--- EXERCISE DATA ---

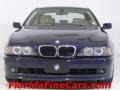 2001 Topaz Blue Metallic BMW 5 Series 530i Sedan  photo #5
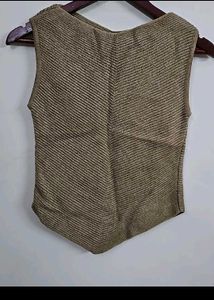 VOGUE half Sweater For Women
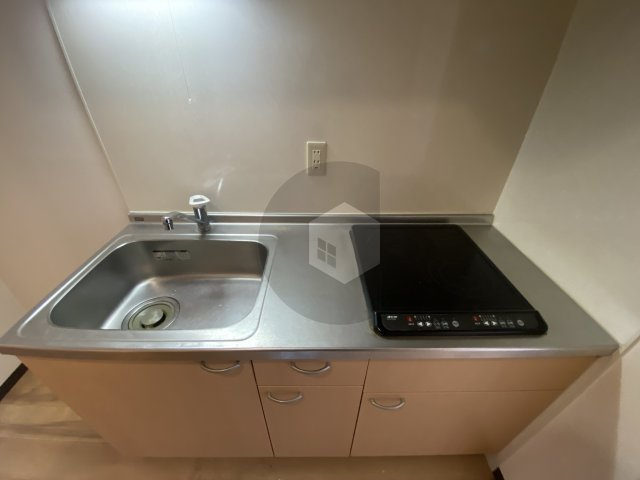 コンフォートエヌズのキッチン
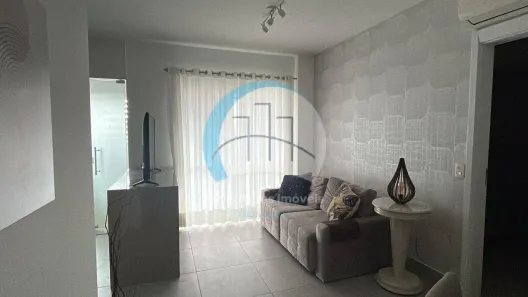 Apartamento com 1 Quarto para alugar, 47m² no Boqueirão, Santos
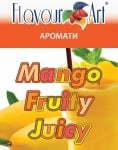 Аромат Mango Fruity Juicy - FlavourArt Изображение 1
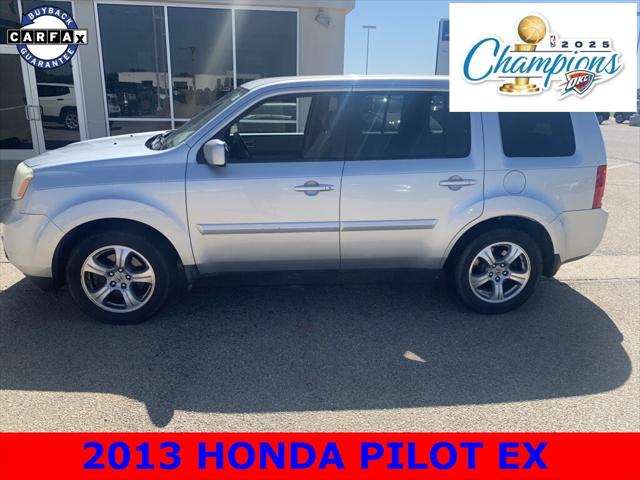 2013 Honda Pilot EX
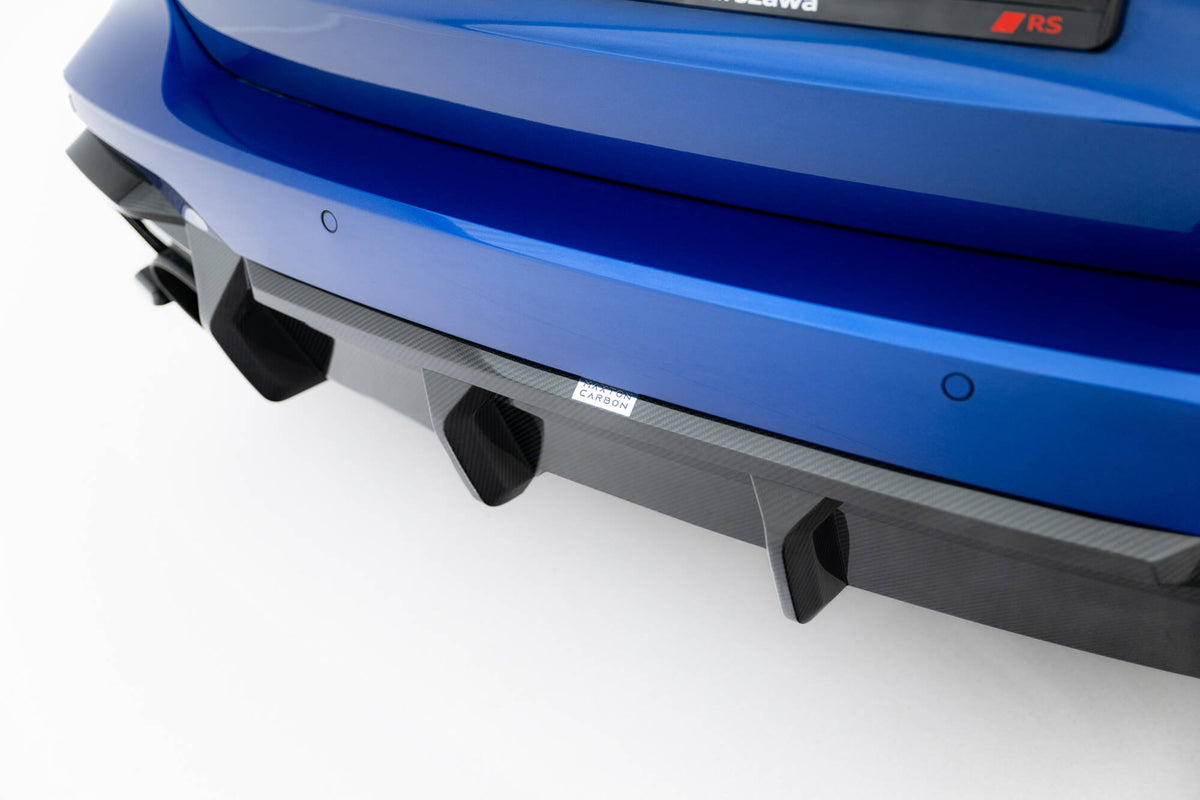 Carbon Heckspoiler Audi RS6 C8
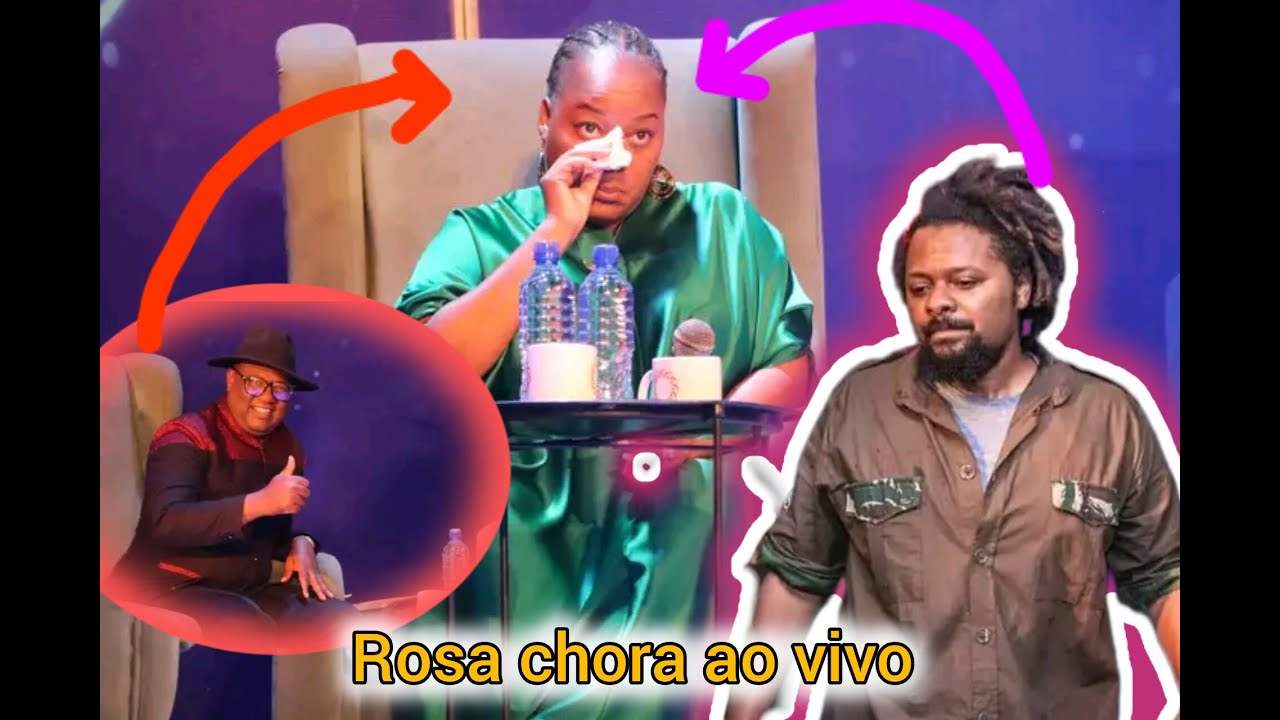 ENTREVISTA DA ESPOSA DO MANO AZAGAIA COM GABRIEL JUNIOR PART 1✊✊✊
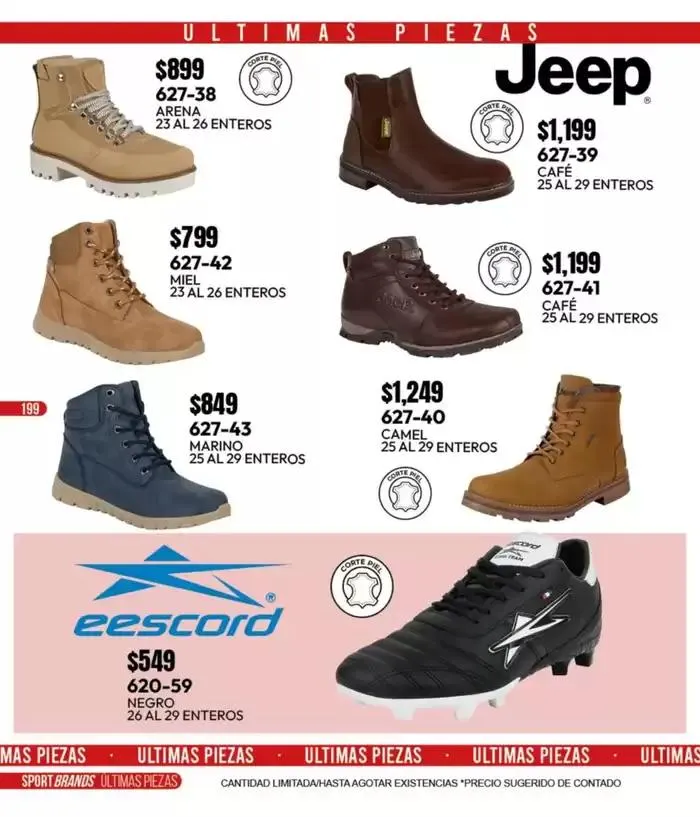 Catálogo de Nuestras mejores ofertas para ti 11 de marzo al 31 de diciembre 2025 - Pagina 211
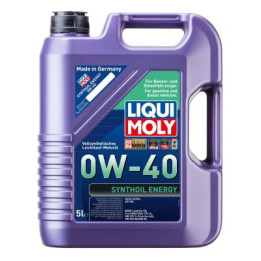 Olej silnikowy 0W-40 5L LIQUI MOLY 9515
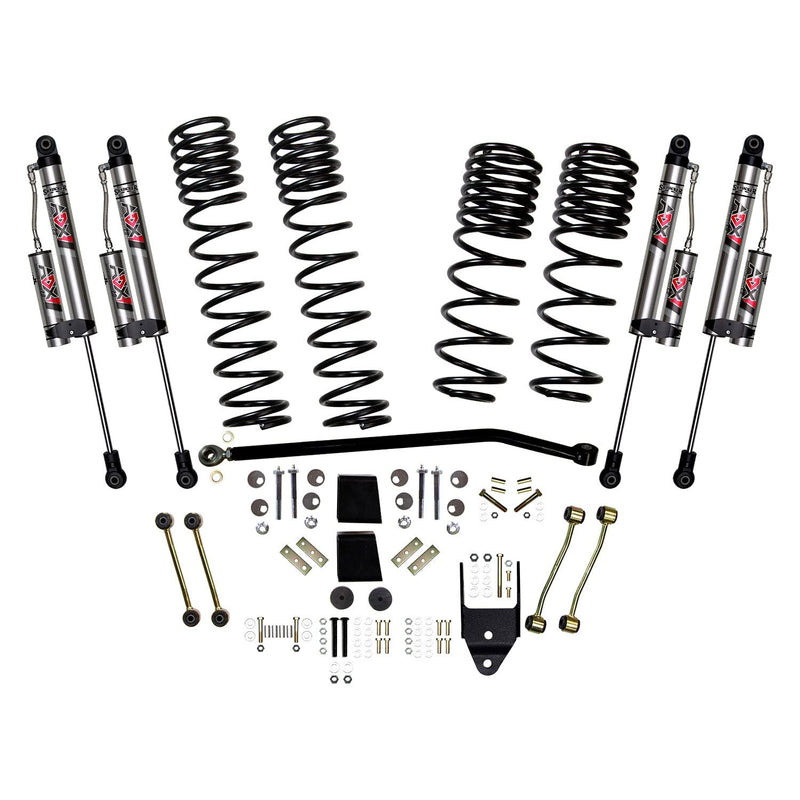 4 In. Skyjacker JL40BKXLTD Suspension Lift System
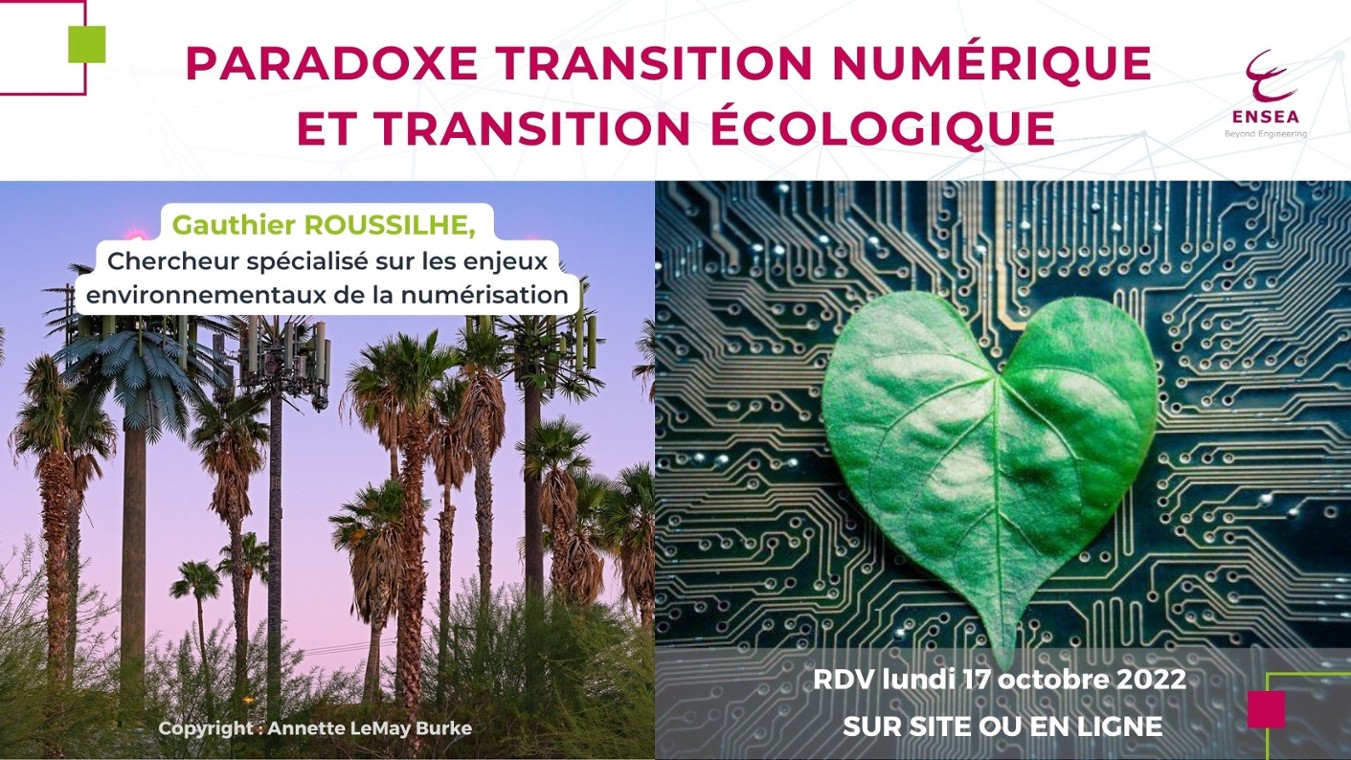 Vers quel numérique dans la crise environnementale ?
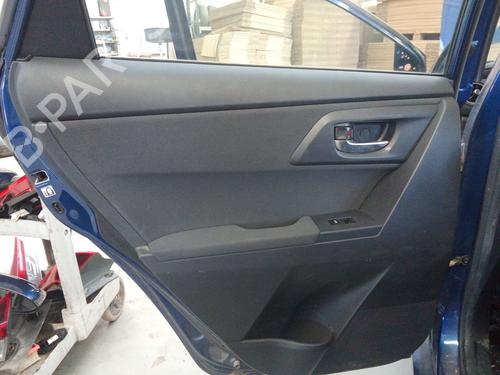 Used Rear left panel TOYOTA AURIS (_E18_) 1.6 D4-D (WWE185_) (112 hp) 31538351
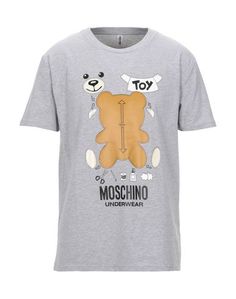 Футболка Moschino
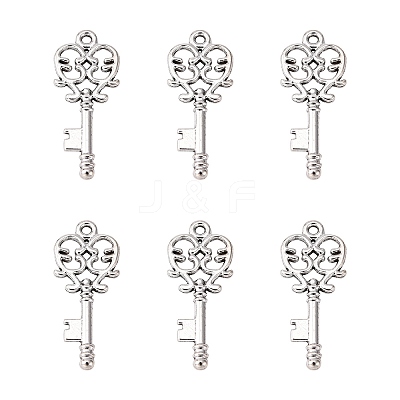 Tibetan Style Alloy Pendants LS-X-LF11137Y-NF-1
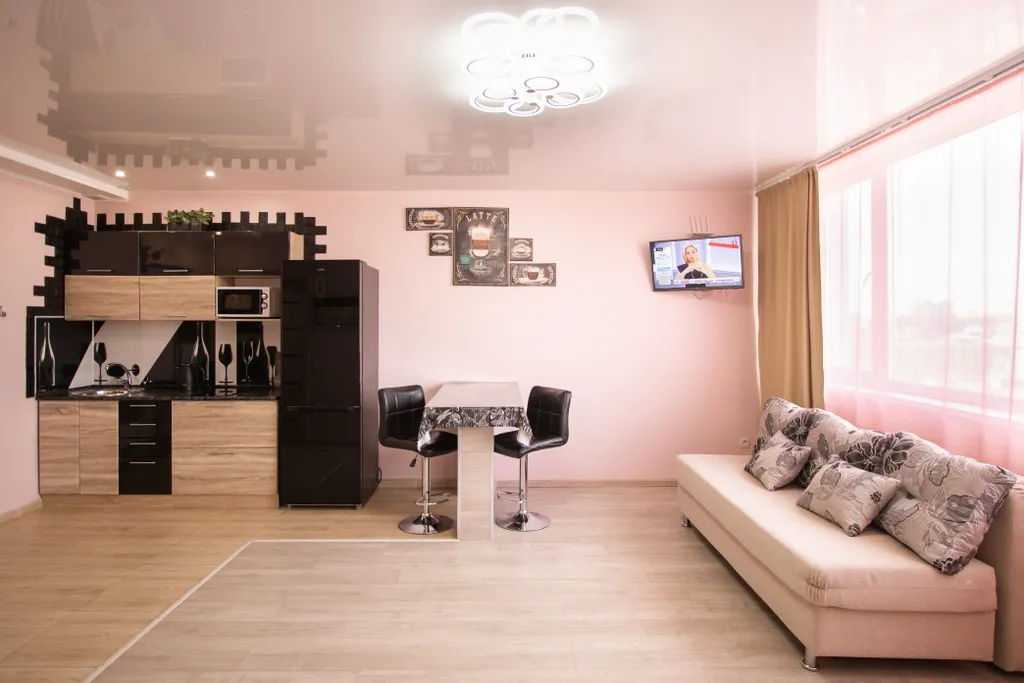 Уютная квартира в ЖК Театральный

---

Set down every entry above verbatim, without pictures.

• ANSWER FOR THIS EXERCISE
 2001 Topaz Blue Metallic BMW 5 Series 530i Sedan  photo #5
 VOGUE half Sweater For Women
 コンフォートエヌズのキッチン
 Apartamento com 1 Quarto para alugar, 47m² no Boqueirão, Santos
 Аромат Mango Fruity Juicy - FlavourArt Изображение 1
 2013 Honda Pilot EX
 Carbon Heckspoiler Audi RS6 C8
 ENTREVISTA DA ESPOSA DO MANO AZAGAIA COM GABRIEL JUNIOR PART 1✊✊✊
 Catálogo de Nuestras mejores ofertas para ti 11 de marzo al 31 de diciembre 2025 - Pagina 211
 Olej silnikowy 0W-40 5L LIQUI MOLY 9515
 4 In. Skyjacker JL40BKXLTD Suspension Lift System
 Vers quel numérique dans la crise environnementale ?
 Used Rear left panel TOYOTA AURIS (_E18_) 1.6 D4-D (WWE185_) (112 hp) 31538351
 Футболка Moschino
 Tibetan Style Alloy Pendants LS-X-LF11137Y-NF-1
 Уютная квартира в ЖК Театральный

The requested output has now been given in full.